No somos amigos, así
que creo que no debieras ofenderte por lo que transmiten estos pensamientos. No
es a ti a quien van dirigidas estas palabras, acaso no seas más que una
coincidencia accidental, estabas ahí cuando los empecé a vomitar en esta hoja
en blanco.
Te
hablo de incomunicación, a pesar de la incontinencia verbal que se desboca en
vacuidad, simpleza y absurdo. Te hablo de miles de conversaciones, millones,
que se cruzan sin descanso cuyo único destinatario es el cubo de la basura donde
van a parar las frases convencionales. Sin bagaje argumental y carentes de la
más mínima transmisibilidad, incapaces de dotar de coherencia al intercambio de
sentimientos. Como si el hecho cierto fuera ese, revestir de comunicación lo
que no es más que un teatro grotesco de su contrario, rellenando el espectro de
mensajes caducados antes de nacer de nuestras bocas que van rellenando el Memorial
de las Frases Muertas como se rellenan los memoriales con los muertos en
cualquier absurda guerra.
Te hablo de abandono. No del
autoimpuesto, o acaso sí, como resultado de la constante incomunicación a la
que nos sometemos sin respuesta, flagelo despiadado de una vida autómata.
Unidades de Abandono que caminan unas al lado de las otras en efímera y falsa
compañía, intercambiando frases rituales pertenecientes al manual con el que
nacemos pero que, como todos los manuales que se adjuntan a cualquier cacharro
que adquirimos, no entendemos. Abandono propiciado por nuestra falta de
contacto y de franqueza. Por nuestras miradas huecas e inexpresivas. Por esa
autosuficiencia, proveniente de nuestra ignorancia, con la que creemos
preservar nuestra intimidad más personal y que al final nos inhabilita, nos
acomoda y nos incapacita para cualquier tipo de relación.

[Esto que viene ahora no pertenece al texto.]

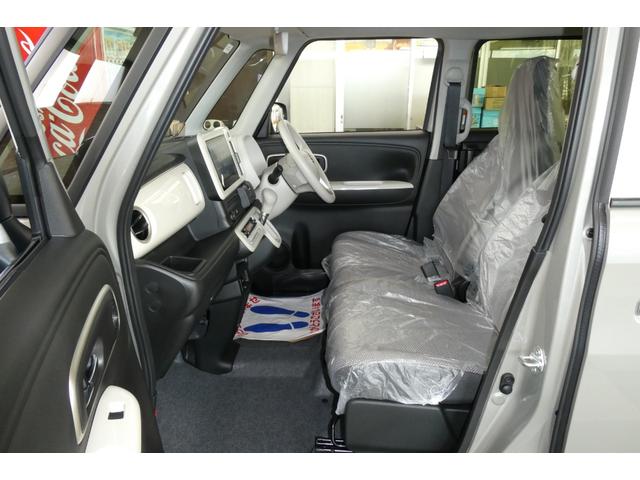 ワゴンＲスマイル ハイブリッドＸ　特別仕様車　４ＷＤ　全方位モニター付メモリーナビゲーション　スズキコネクト対応通信機装着車　９インチＨＤディスプレイ／フルセグＴＶ／ＤＶＤ・ＣＤプレイヤー　スマフォ連携機能付ブルートゥース対応（13枚目）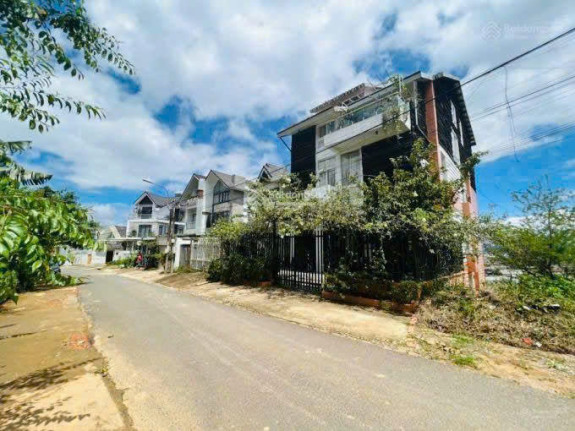 Bán Đất 2 Mặt Tiền Kqh Ngô Quyền – Phường 6, Tp. Đà Lạt – Vị Trí Hiếm, Thế Đất Đẹp, Tiềm Năng Sinh Lời Cao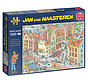 Jumbo Jan van Haasteren - The Missing Piece Puzzle 1000pcs
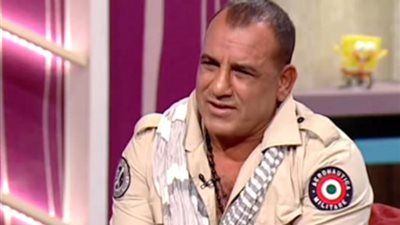 محمد لطفي: هيفاء طلبتني بالاسم للمشاركة في فيلمها الجديد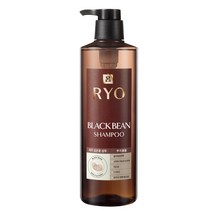 려 파주 검은콩 샴푸 800ml/탈모증상완화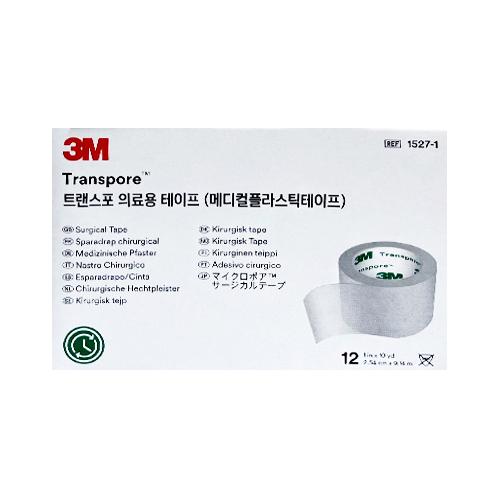 3M 트랜스포(외과용) 1527-1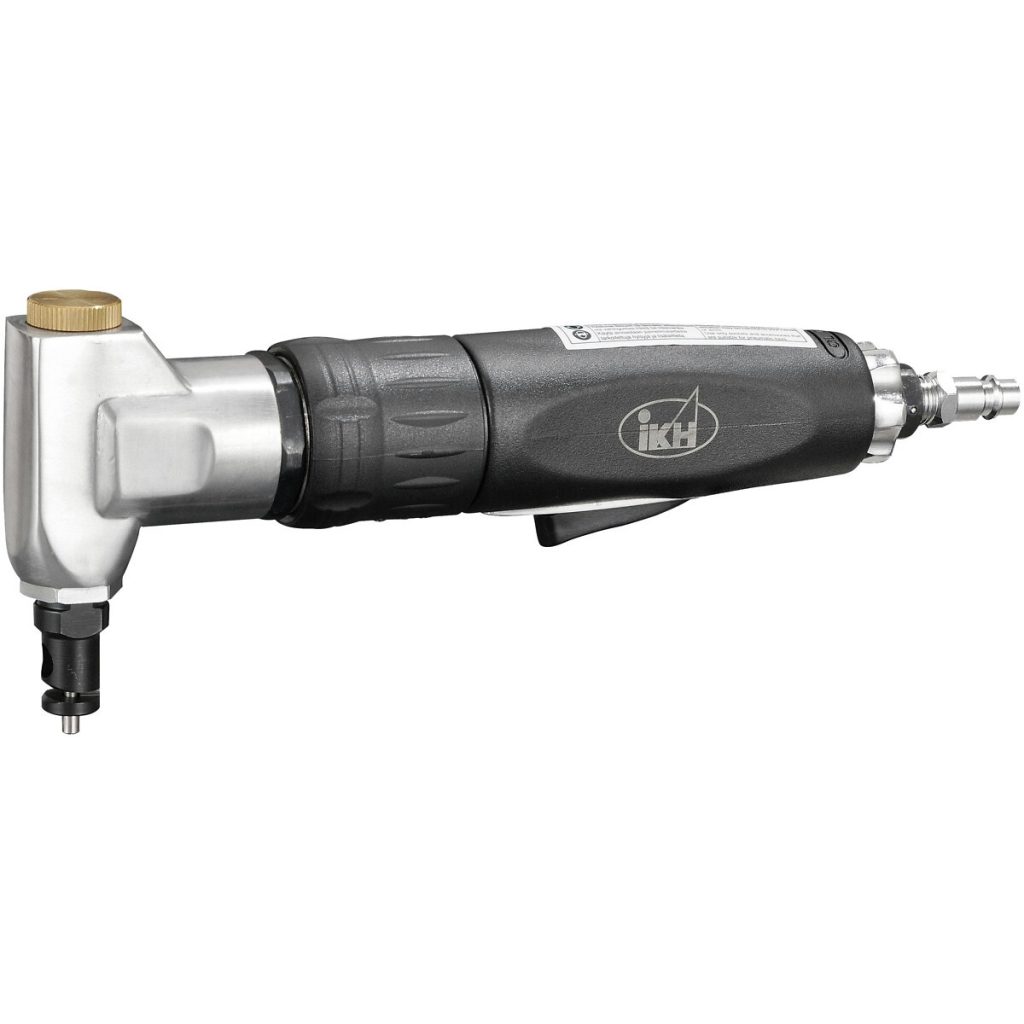 Gaisa skārda šķēres max 1,6mm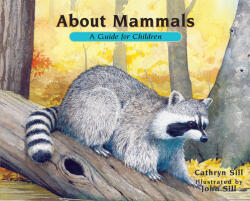 About Mammals: A Guide for Children (ISBN: 9781561457588)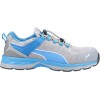 Puma Safety Xcite Low Safety Trainers Size 10.5 Last One
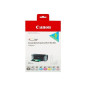 Confezione multipla Canon CLI-42 BK/GY/LG/C/M/Y/PC/PM - Confezione da 8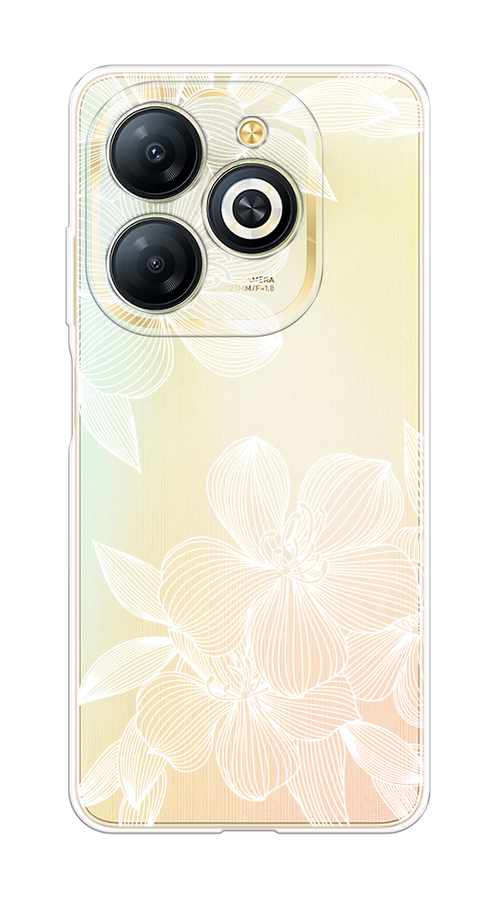 Чехол на Infinix Smart 8 Plus 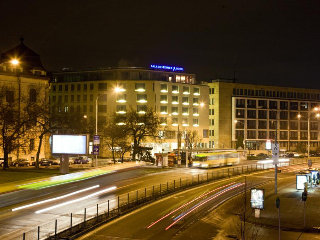 Hotel Falkensteiner Bratislava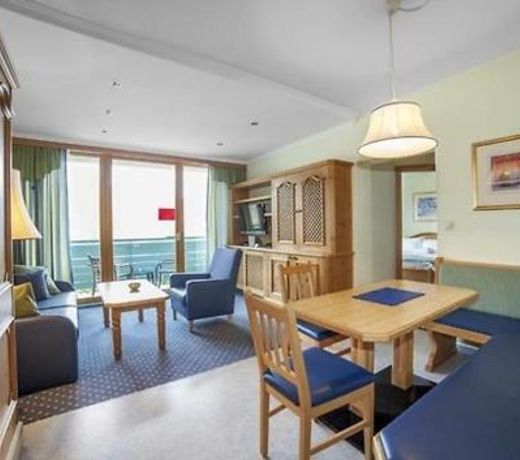 Alpine Resort Apartment- Schladming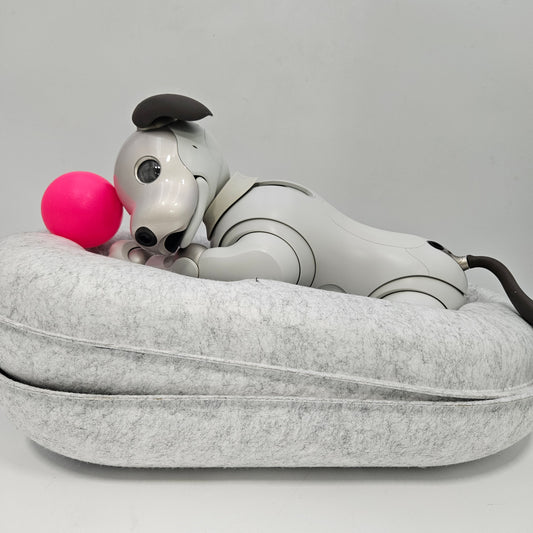 Sony AIBO Robot Dog  ERS-1000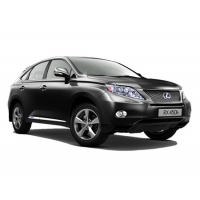  Lexus  RX 350/450H 2009  . 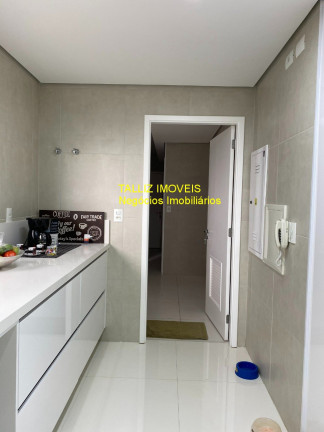 Imagem Apartamento com 3 Quartos à Venda, 238 m² em Duo Morumbi - São Paulo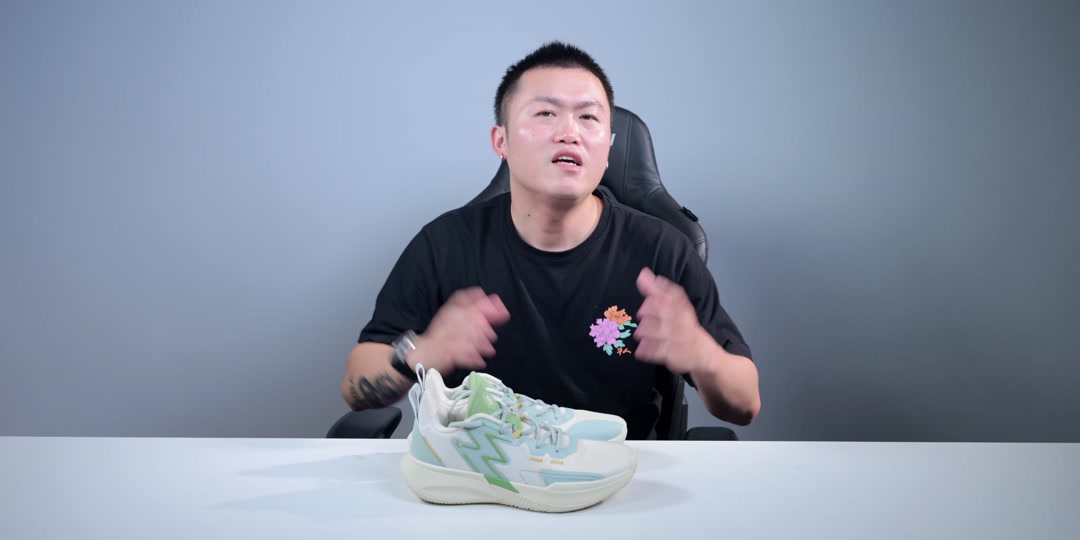 big3 team配置图 - 抖音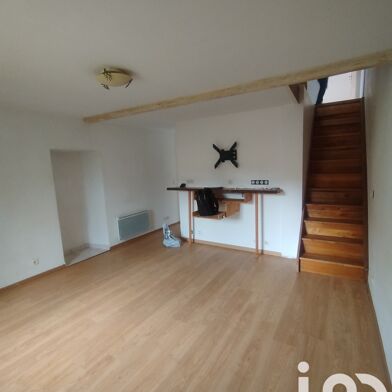 Maison 4 pièces 205000 €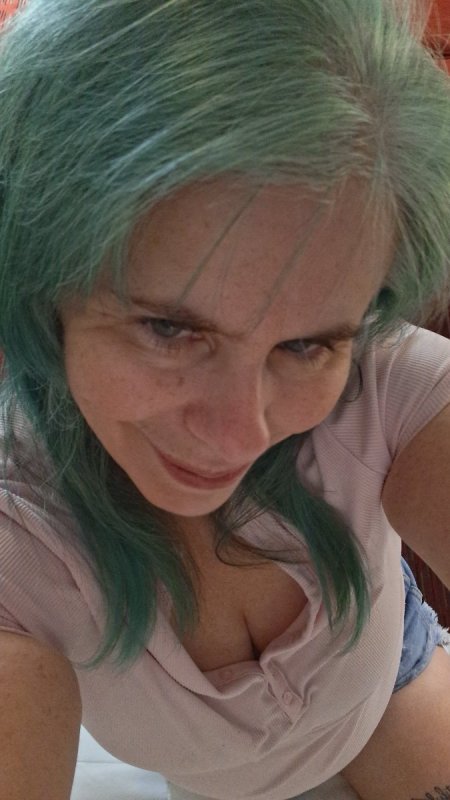 Needing a paypig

Te hablo de destierro, no del
geográfico, ese es a veces hasta recomendable, sino del interior. Ese que
obliga, por necesidad, a la renuncia de la vida que uno quiso tener. Ese
destierro que acumula melancolías que van reconstruyendo los recuerdos tal y
como hubiéramos querido vivirlos. Que ambiciona vidas que no son nuestras y
nunca lo serán. Que te enfrenta al espejo de la tuya propia con la descarnada
puesta en escena de la última cena. Ese espejo que te devuelve la imagen real
de tu yo, en lo que te has convertido al caminar por la senda elegida y,
quizás, equivocada. A veces, te gustaría golpear el negativo de tu sombra y
romperla en mil pedazos. Pero al otro lado solo existe la negrura del fieltro y
la madera que lo sustentan con el viejo marco de latón amortajado. No existe
otro mundo más allá del de uno mismo y los que te rodean no reflejan la
voluntad vital que proyectas. El sabor amargo de la propia soledad destilando
en el alambique de la tristeza el alcohol de la separación última, que bebemos
a grandes tragos en la supuesta compañía.
Te hablo del desamparo que toda esta
ausencia provoca. El desamparo aprendido tras los continuos fracasos y la
imposibilidad de volver a intentar aquello que deseamos por temor a volver a
fallar. Esta inusual certeza que trae consigo y que nos inhabilita para
controlar el ambiente circunstancial de nuestra vida y que nos impide alcanzar
otras metas, otros sueños. De la dureza que se instala en el corazón intentando
suministrar las dosis adecuadas de insensibilidad que mitiguen el daño, finalizando,
por fin, las rutinas esclavas, que como leviatanes, zaherían y castigaban el
sueño del amor convertido en pesadilla de tristeza infinita por tu compañía.
Te hablo de clausura. Te hablo de la soledad acompañada.